# Eddy sells remaining shares, and another new CEO for Eddy Merckx Cycles



## merckxman (Jan 23, 2002)

Announcement today: Dutchman Rob Beset succeeds Kurt Moons as CEO of the well-known Belgium manufacturer of road race bikes. With Beset, Eddy Merckx Cycles enters a new phase aimed at ambition and growth.
"We strongly believe in the brand Eddy Merckx", said Bart Van Muylder CEO of majority shareholder Diepensteyn. "Moreover, cycling is still growing worldwide and that is why we invest in this company. Former CEO Kurt Moons laid a solid foundation for this ambition. Now we need to grow internationally, monitor our logistics and continue our product development strategy."
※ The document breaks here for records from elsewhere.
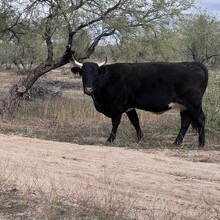Phoebe Chilton - Catalina State Park All Trails (AZ)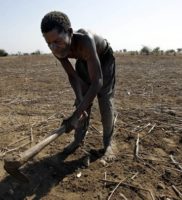 [:en]Malawi Food Crisis[:ro]Criză alimentară în Malawi[:]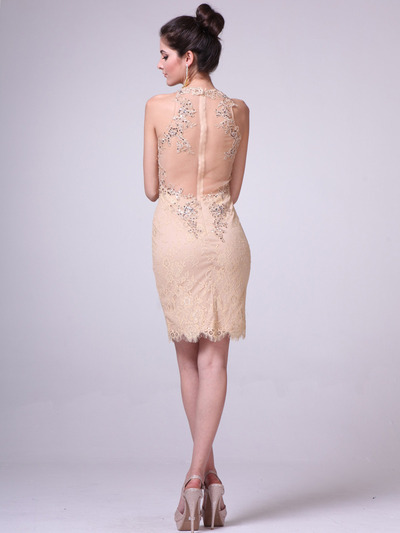 JC3455 Illusion Yoke Embroidery Sheath Dress         - Gold, Back View Medium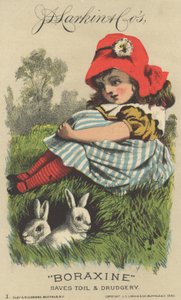 J. D. Larkin és Cos Boraxine reklámja, 1882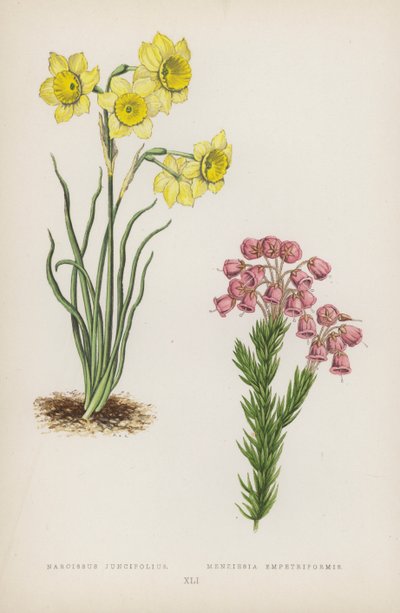 Narcissus Juncifolius; Menziesia Empetriformis (litografía en color) de English School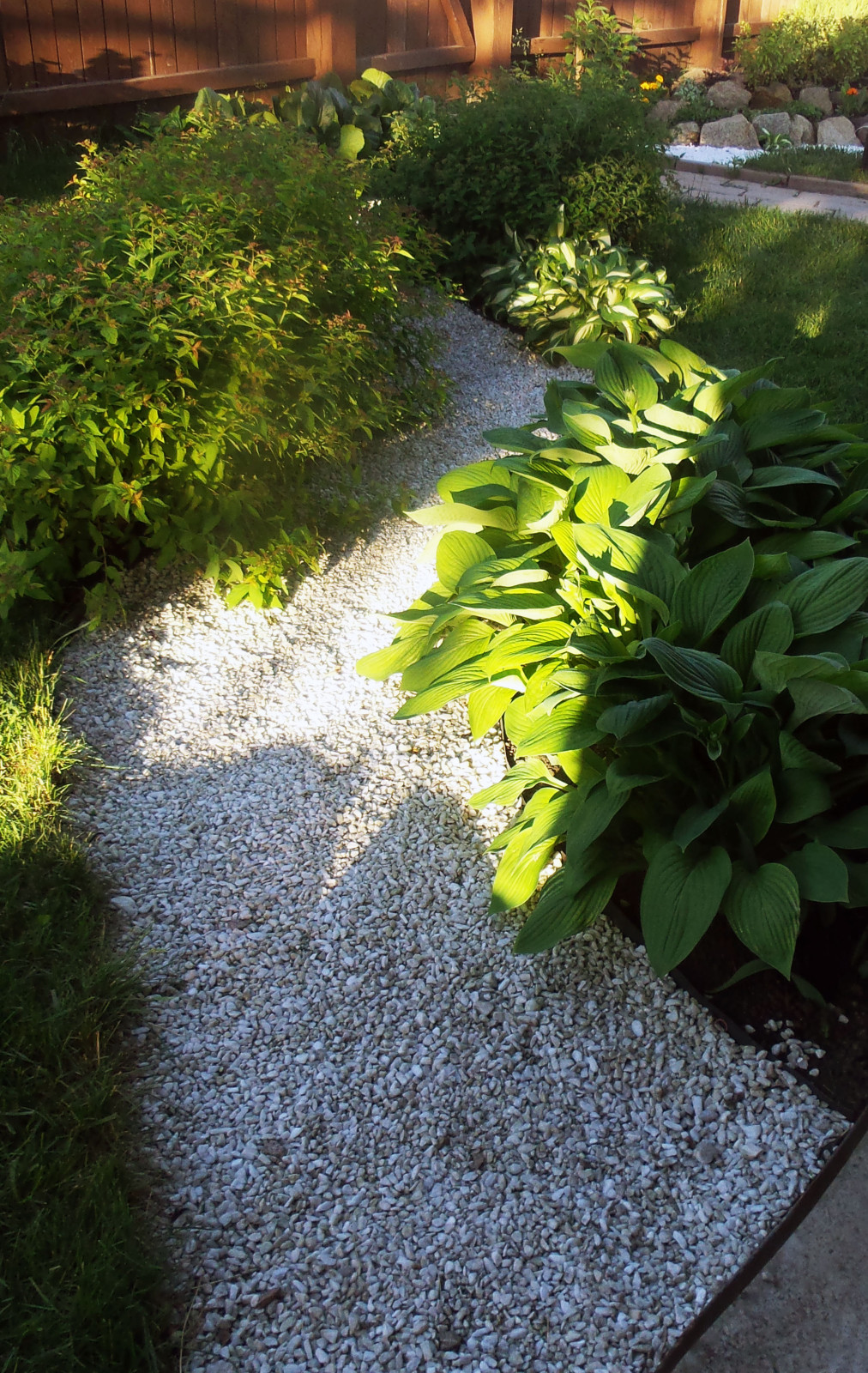 Цветники и композиции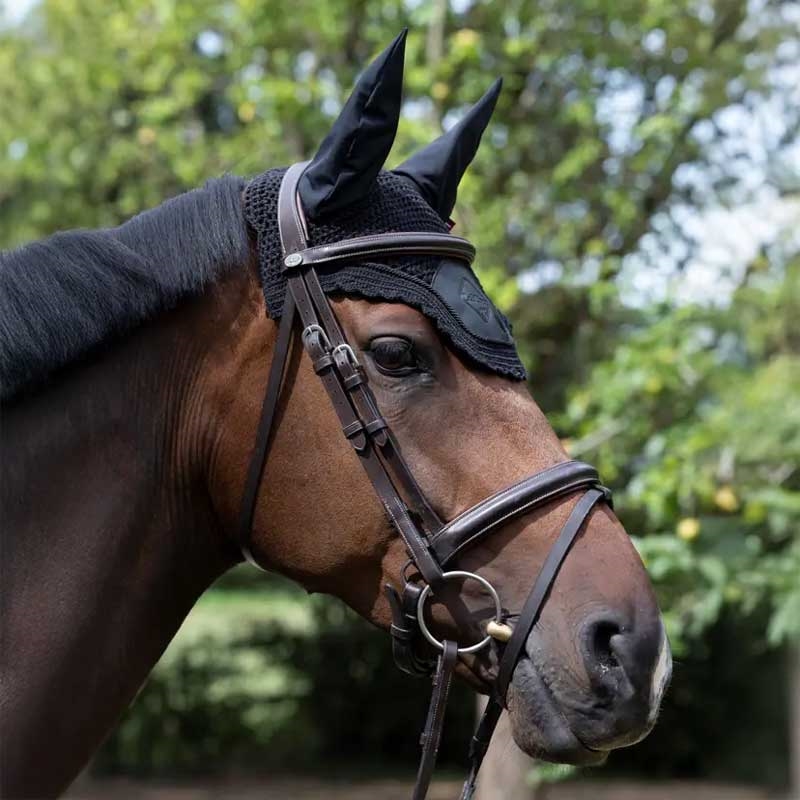 LeMieux hut "Acoustic Pro" - sort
"Rob Beset is a manager with extensive product knowledge and vast experience in international distribution structures. He has more than 25 years of experience at Accell-group and Dremefa", said Van Muylder.

Van Muylder continues: "In the past 3.5 years Kurt Moons prepared Eddy Merckx Cycles for the future with the professionalization of the supply-chain, IT en R&D. This resulted in our high-end range with race bike including our flagship, the EMX-525.

Last week founder and road race legend Eddy Merckx sold his remaining 6 percent ownership to Diepensteyn, the holding company of Toye family. They also bought Kurt Moons 9 percent ownership of the resigning CEO. According to a report in the Gazet of Antwerp, Diepensteyn now holds 100% of Eddy Merckx Cycles.

Though Eddy Merkcx sold all his shares of the company he founded he will continue as brand ambassador and remain a strong involvement in product development and testing.

In the financial year 2012-2013 (running through end of June) Eddy Merckx Cycles had a total turnover of 6.2 million euro, but suffered a 2.4 million euro loss.


----------



## Cinelli 82220 (Dec 2, 2010)

Like it or not Eddy probably doesn't have the time or energy to run the company the way he thinks it should be run.
He has earned some quality retirement.

BTW I am surprised it is such a small company revenue-wise. When I was there in the nineties it was absolutely booming.


----------



## JetSpeed (Nov 18, 2002)

Fait accompli.


----------



## pmf (Feb 23, 2004)

I don't think he's been very involved in the company for quite some time. I treasure my 1996 Corsa 01 because it was probably made back in the days when Eddy Merckx actually picked out tube sets and fabricated them at his factory. They're all just over priced carbon bikes these days.


----------



## Dajianshan (Jul 15, 2007)

Nowadays bike design is about going to an Asian factory and choosing the design elements out of a catalog… not much different than choosing upholstery. It is all about managing the brand.


----------



## vette (Feb 1, 2009)

Dajianshan said:


> Nowadays bike design is about going to an Asian factory and choosing the design elements out of a catalog… not much different than choosing upholstery. It is all about managing the brand.


Sad but true,I still have my retired yellow Corsa 01 in a box,still ride the Leader (very smooth ride)also have a LXM & CHM ,like I always say there's a beginning ,middle & end to EVERYTHING.


----------



## Bill2 (Oct 14, 2007)

I learned the hard way about the new management. My 2005/6 Merckx Bound needed a new derailleur hanger in 2012. No response from Merckx in Belgium. I contacted the Italian distributor (previously very responsive) and they had vanished. An Italian dealer for the new Merckx management tried to get help for me from Belgium- dead end. He could only apologize profusely. They don't support the pre-reboot product line.


----------



## atpjunkie (Mar 23, 2002)

they'd be better off going back to steel and filling a niche


----------



## pmf (Feb 23, 2004)

atpjunkie said:


> they'd be better off going back to steel and filling a niche


I've wondered if any of those euro craftsmen exist anymore. Merckx sells carbon bikes stamped out of molds in Chine like everyone else. Even Colnago's high end bikes, that are made in Italy, don't have the cool paint jobs like they used to. I wonder what those painters are doing.


----------